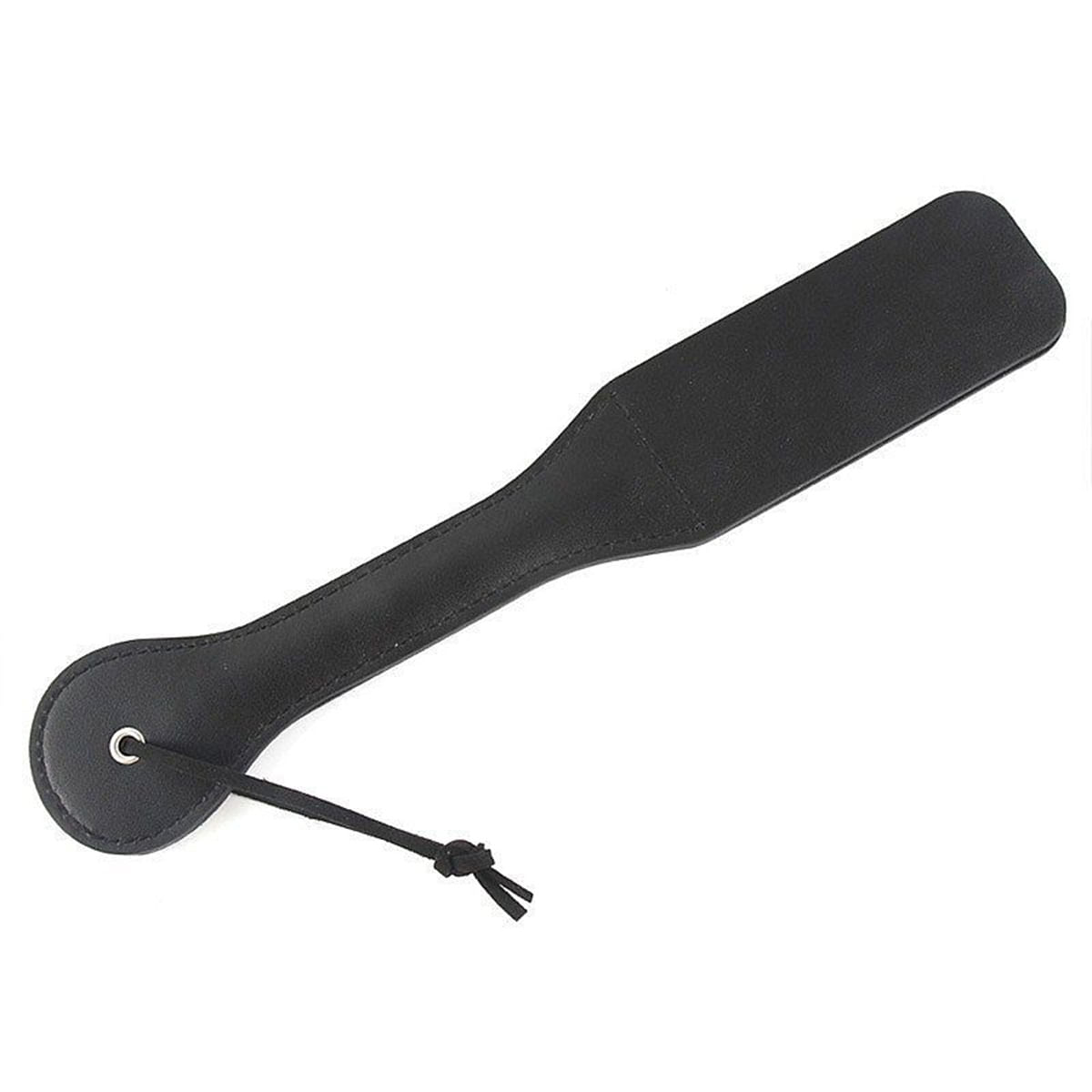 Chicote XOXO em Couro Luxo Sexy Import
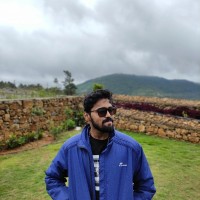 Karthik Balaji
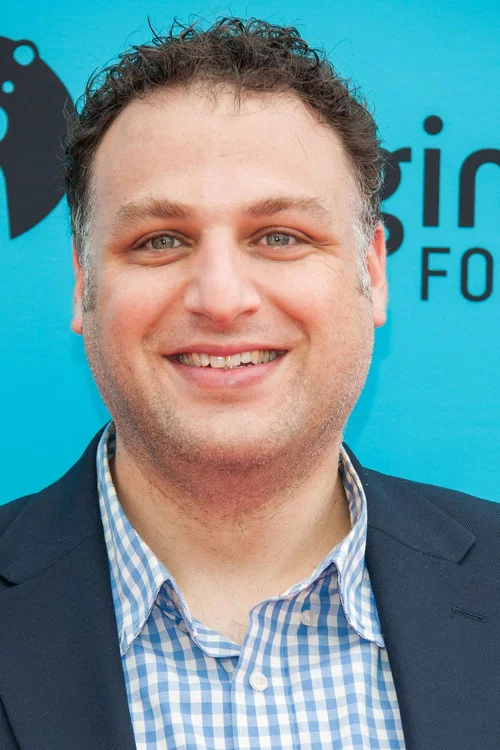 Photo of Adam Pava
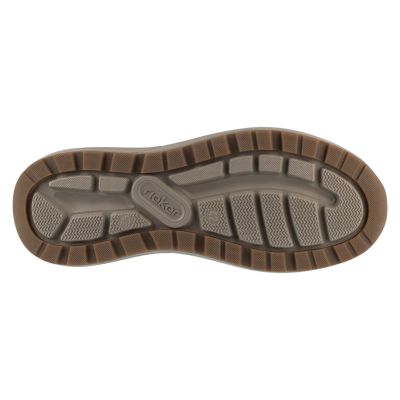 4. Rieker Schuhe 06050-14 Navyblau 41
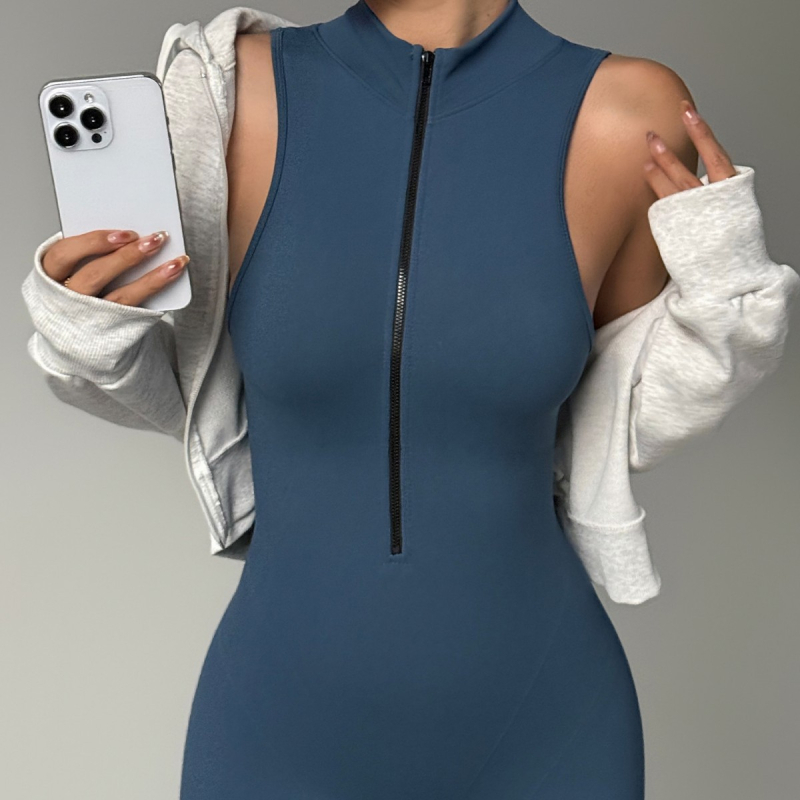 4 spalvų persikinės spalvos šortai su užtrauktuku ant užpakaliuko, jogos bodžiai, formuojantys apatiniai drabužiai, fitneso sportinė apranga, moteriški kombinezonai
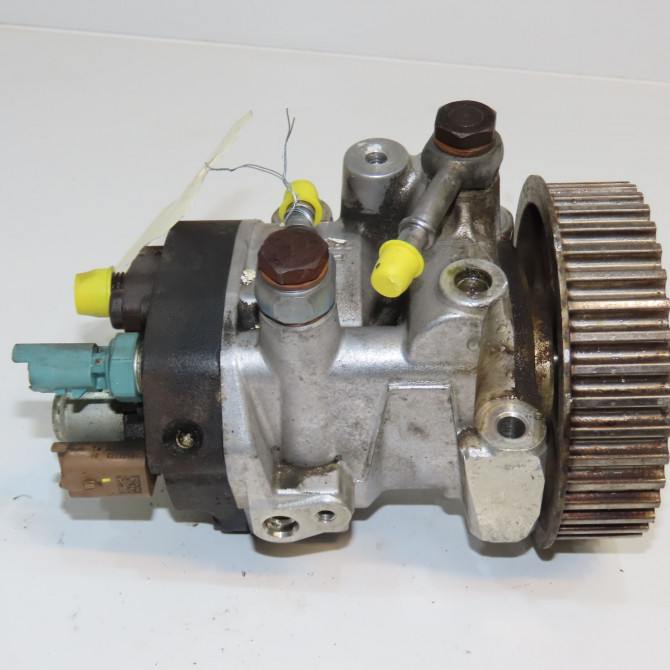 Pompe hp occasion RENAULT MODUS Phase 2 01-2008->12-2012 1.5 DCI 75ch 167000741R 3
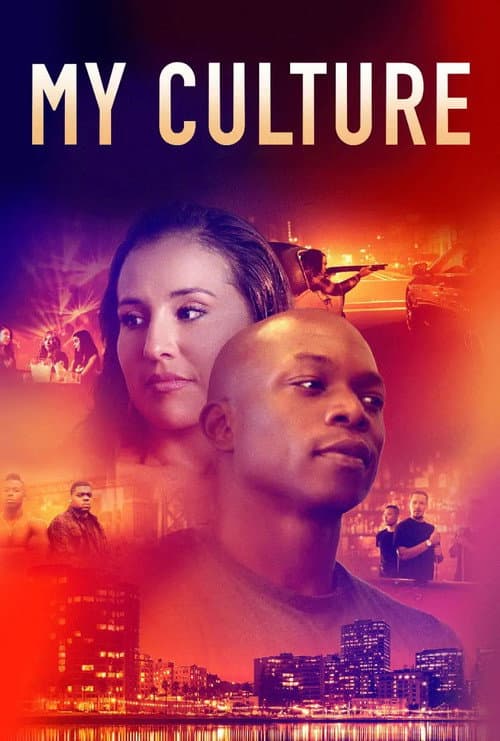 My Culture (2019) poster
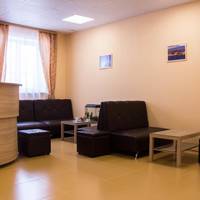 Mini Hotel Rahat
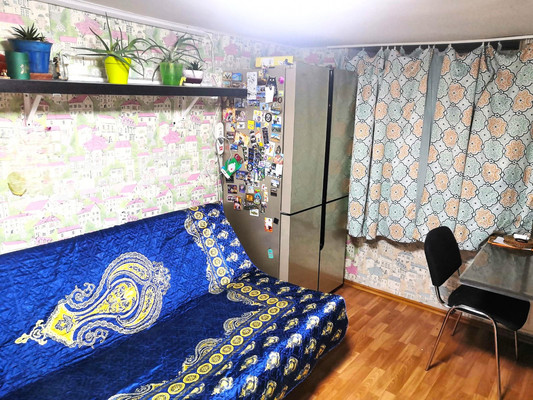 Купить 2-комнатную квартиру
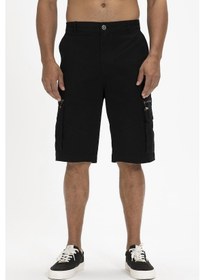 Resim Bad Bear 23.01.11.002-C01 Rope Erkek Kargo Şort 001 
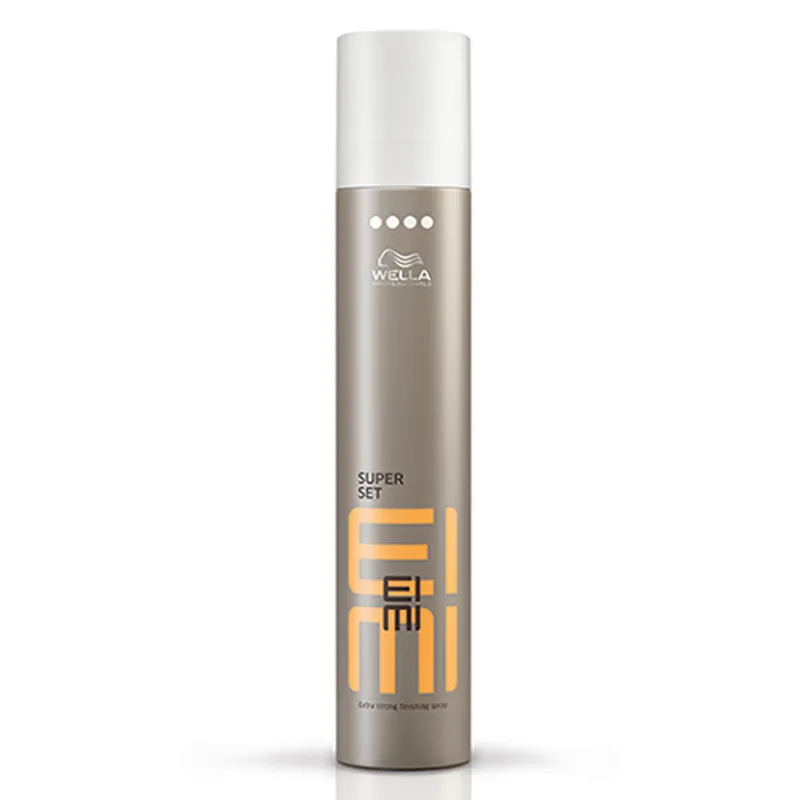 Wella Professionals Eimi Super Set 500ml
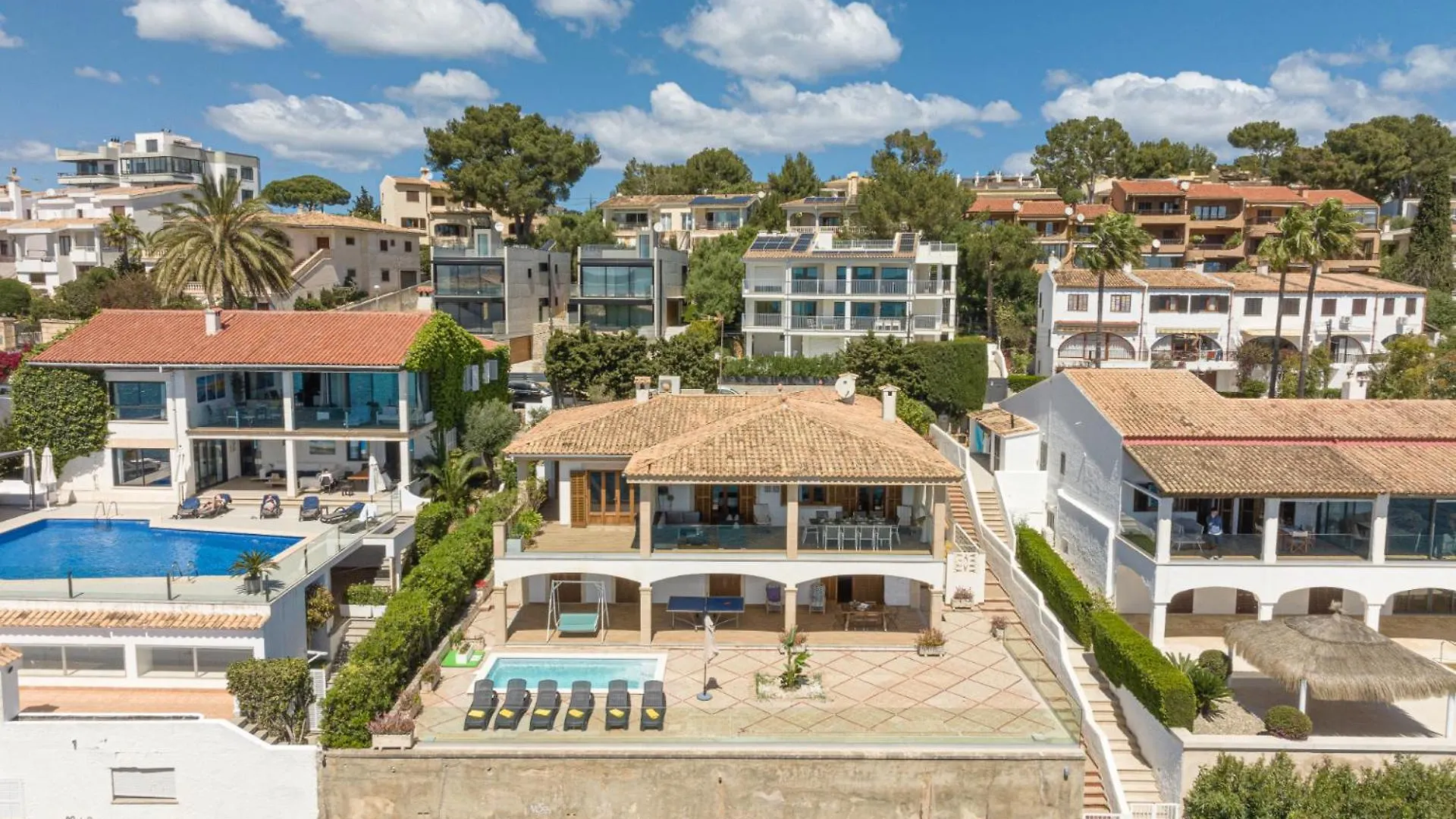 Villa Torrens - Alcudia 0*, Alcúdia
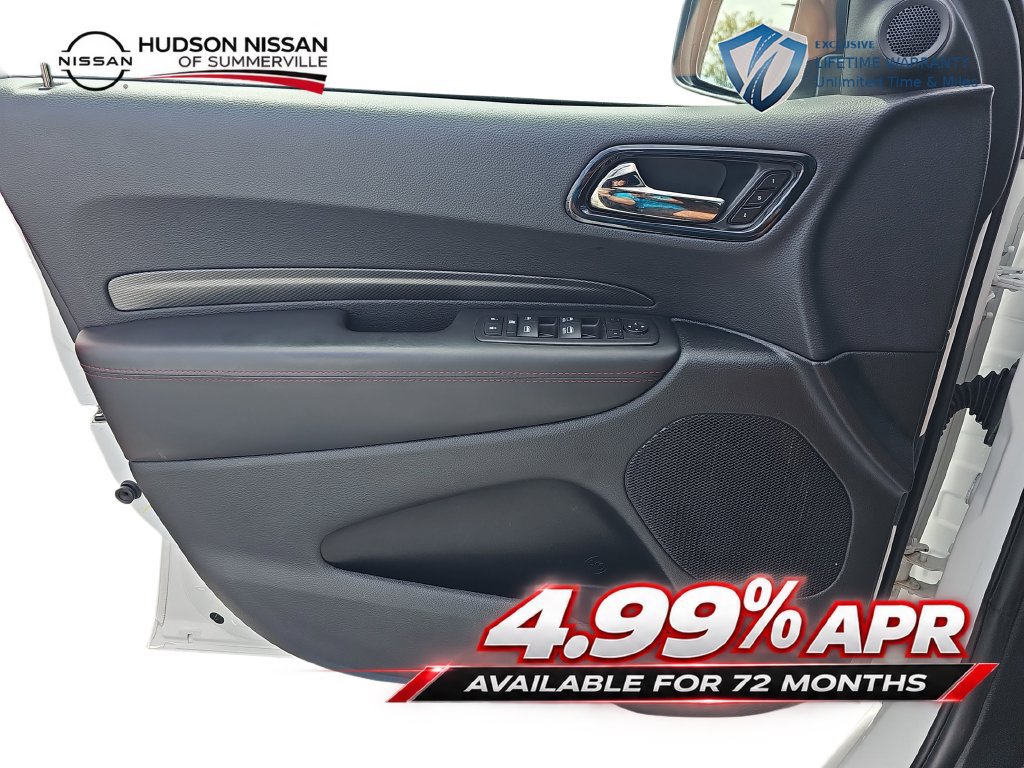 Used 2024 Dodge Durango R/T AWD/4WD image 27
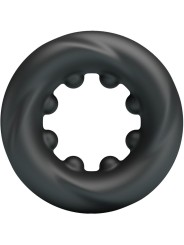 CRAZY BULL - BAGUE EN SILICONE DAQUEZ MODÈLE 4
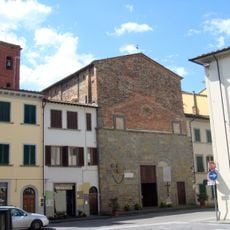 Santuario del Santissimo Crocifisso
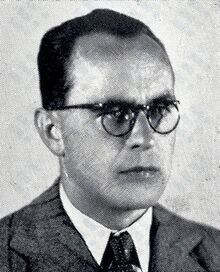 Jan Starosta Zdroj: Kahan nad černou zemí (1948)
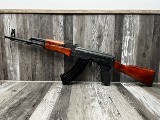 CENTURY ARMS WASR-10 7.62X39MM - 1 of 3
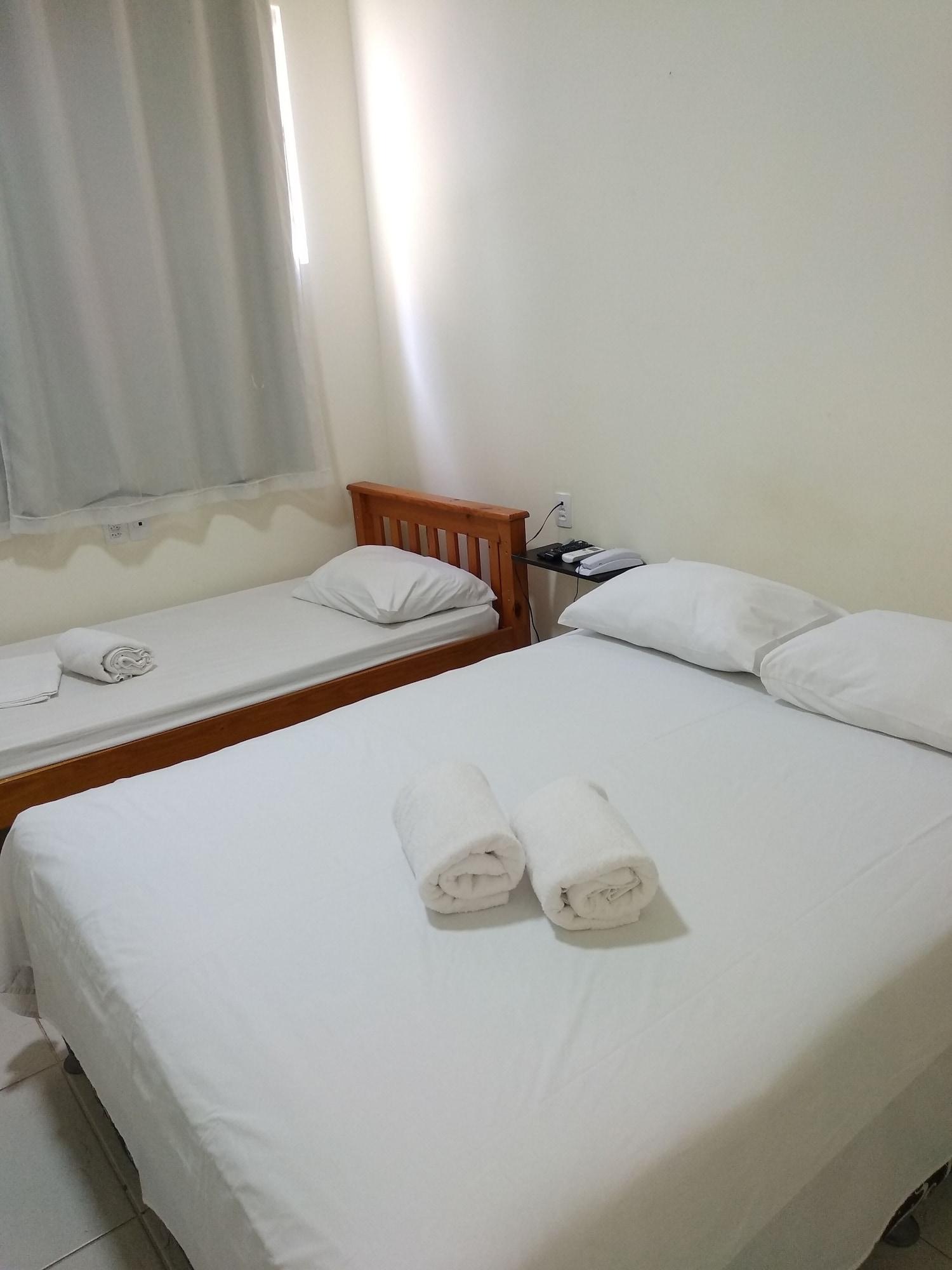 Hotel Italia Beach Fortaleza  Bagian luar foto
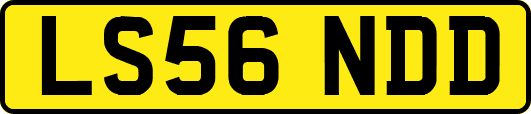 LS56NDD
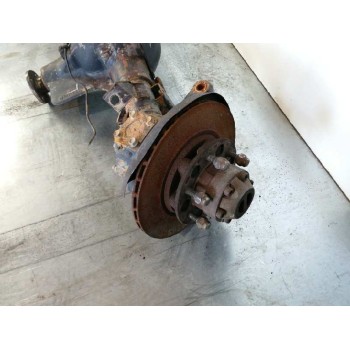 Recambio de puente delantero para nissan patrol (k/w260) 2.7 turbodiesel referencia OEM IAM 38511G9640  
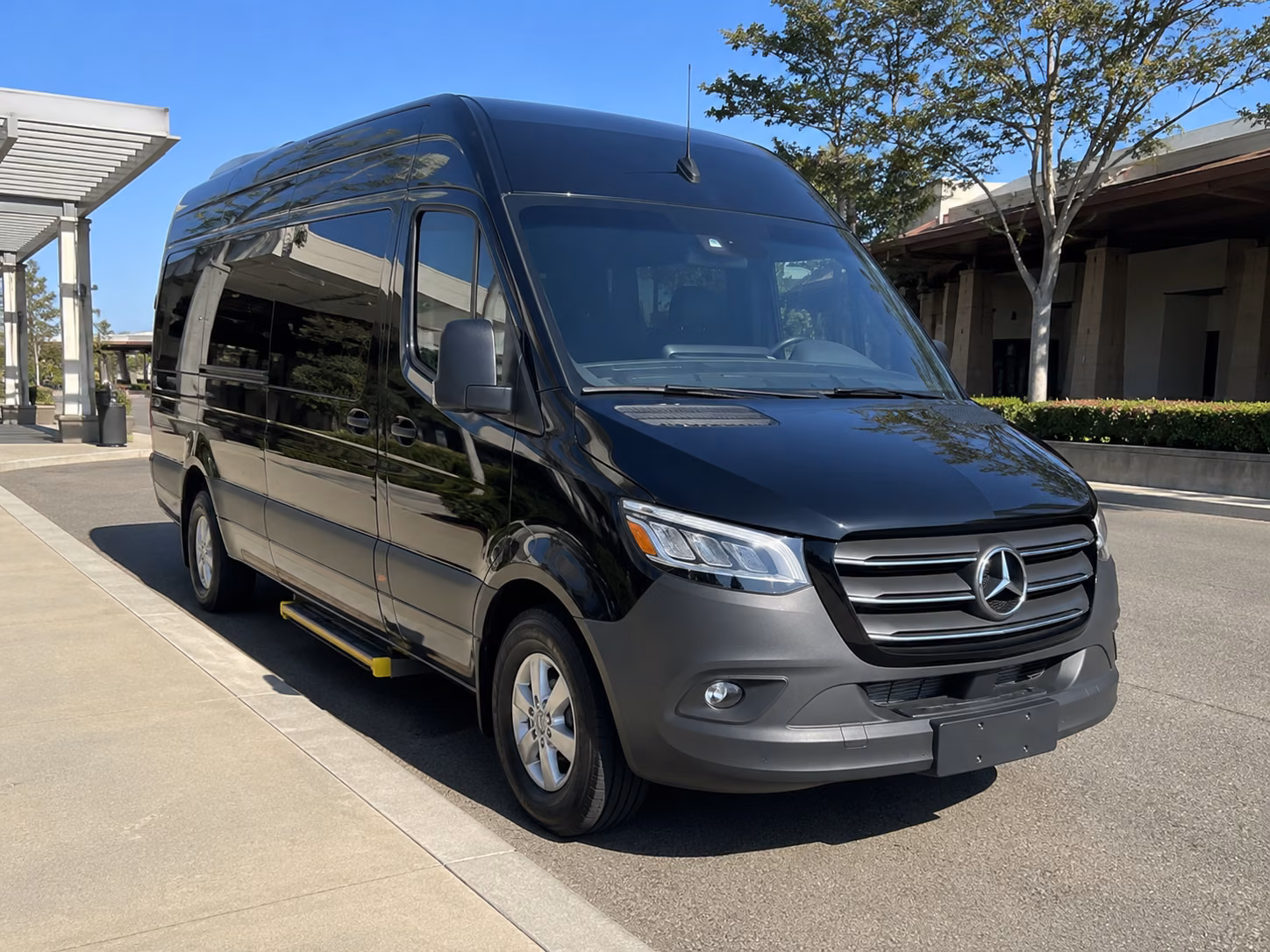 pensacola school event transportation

▶ Aim of the exercise
In the material above, the stretch from the line with "Mini Hotel Rahat" through the line with "Santuario del Santissimo Crocifisso" is to be given again exactly, minus the pictures.

▶ Solution for this exercise
 Mini Hotel Rahat
 Купить 2-комнатную квартиру
 Resim Bad Bear 23.01.11.002-C01 Rope Erkek Kargo Şort 001 
 Wella Professionals Eimi Super Set 500ml
 Villa Torrens - Alcudia 0*, Alcúdia
 Used 2024 Dodge Durango R/T AWD/4WD image 27
 CRAZY BULL - BAGUE EN SILICONE DAQUEZ MODÈLE 4
 Santuario del Santissimo Crocifisso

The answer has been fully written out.